## Given data
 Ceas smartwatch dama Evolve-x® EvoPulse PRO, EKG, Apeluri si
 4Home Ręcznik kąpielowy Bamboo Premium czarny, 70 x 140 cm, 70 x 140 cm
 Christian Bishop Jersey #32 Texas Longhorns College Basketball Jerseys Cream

## Work to be completed
The data are to be transcribed in full, exactly as given.

## Exercise result
 Ceas smartwatch dama Evolve-x® EvoPulse PRO, EKG, Apeluri si
 4Home Ręcznik kąpielowy Bamboo Premium czarny, 70 x 140 cm, 70 x 140 cm
 Christian Bishop Jersey #32 Texas Longhorns College Basketball Jerseys Cream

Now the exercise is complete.